Portfólio e perfil contratual
A carteira do BTLG11 é composta majoritariamente por ativos logísticos de alto padrão, com forte concentração na região Sudeste. A alocação aproximada do portfólio é:
- 95% em ativos logísticos
- 3% em ativos industriais
- 2% em imóveis de varejo
Do ponto de vista contratual, cerca de 66% dos contratos são típicos e aproximadamente 34% são atípicos, com predominância de indexação ao IPCA. Essa combinação garante maior previsibilidade de caixa e proteção parcial contra a inflação, reduzindo oscilações bruscas no resultado.
Preço justo e margem de segurança
Com dividendos anuais próximos de R$ 9,41 por cota e valor patrimonial em torno de R$ 103, o retorno implícito gira ao redor de 9% ao ano. Nesse contexto, a cotação atual se aproxima do que pode ser considerado preço justo para esse nível de retorno.
Caso o investidor exija retornos mais elevados, na faixa de 11% ou 12% ao ano, o preço teto ficaria abaixo da cotação atual, indicando ausência de margem de segurança para quem busca rendimento de dois dígitos. Assim, no patamar atual, o BTLG11 tende a entregar um retorno sólido, porém limitado a um dígito alto.
Comparação com renda fixa no cenário atual
Com a Selic em níveis elevados, aplicações atreladas a 100% do CDI podem oferecer retorno líquido próximo de 12% ao ano no longo prazo. Em simulações de prazo estendido, a diferença entre um retorno de 9% ao ano e outro de 12% cresce de forma relevante com o efeito dos juros compostos.
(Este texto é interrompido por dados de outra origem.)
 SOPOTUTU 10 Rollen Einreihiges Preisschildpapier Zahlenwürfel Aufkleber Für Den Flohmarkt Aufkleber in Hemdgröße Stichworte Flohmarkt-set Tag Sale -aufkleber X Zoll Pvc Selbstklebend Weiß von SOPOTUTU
Mesmo considerando possíveis quedas futuras da Selic, a renda fixa permanece bastante competitiva no curto e médio prazo quando comparada ao rendimento atual do fundo.
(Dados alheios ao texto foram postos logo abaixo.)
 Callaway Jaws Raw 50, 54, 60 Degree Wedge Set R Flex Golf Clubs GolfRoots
Histórico de preço e perspectiva
Historicamente, o BTLG11 já negociou acima de 1,05 de P/VP em momentos de maior otimismo e também já operou próximo de 0,90 em períodos de estresse do mercado. Com o P/VP atual em torno de 1,00, o potencial de valorização passa a depender mais do crescimento operacional e dos reajustes contratuais do que de simples reprecificação.
Vale a pena investir no BTLG11 agora?
O fundo apresenta fundamentos sólidos, como portfólio logístico consolidado, baixa vacância, alta liquidez e distribuição consistente de rendimentos. Por outro lado, o dividend yield atual gira em torno de 9%, com crescimento moderado e forte concorrência da renda fixa em um cenário de juros elevados.
Para investidores que priorizam renda passiva isenta de imposto e exposição ao setor logístico, o BTLG11 segue como uma opção robusta e defensiva. Já para quem busca retornos mais agressivos ou maior margem de segurança, o momento atual pode exigir maior seletividade.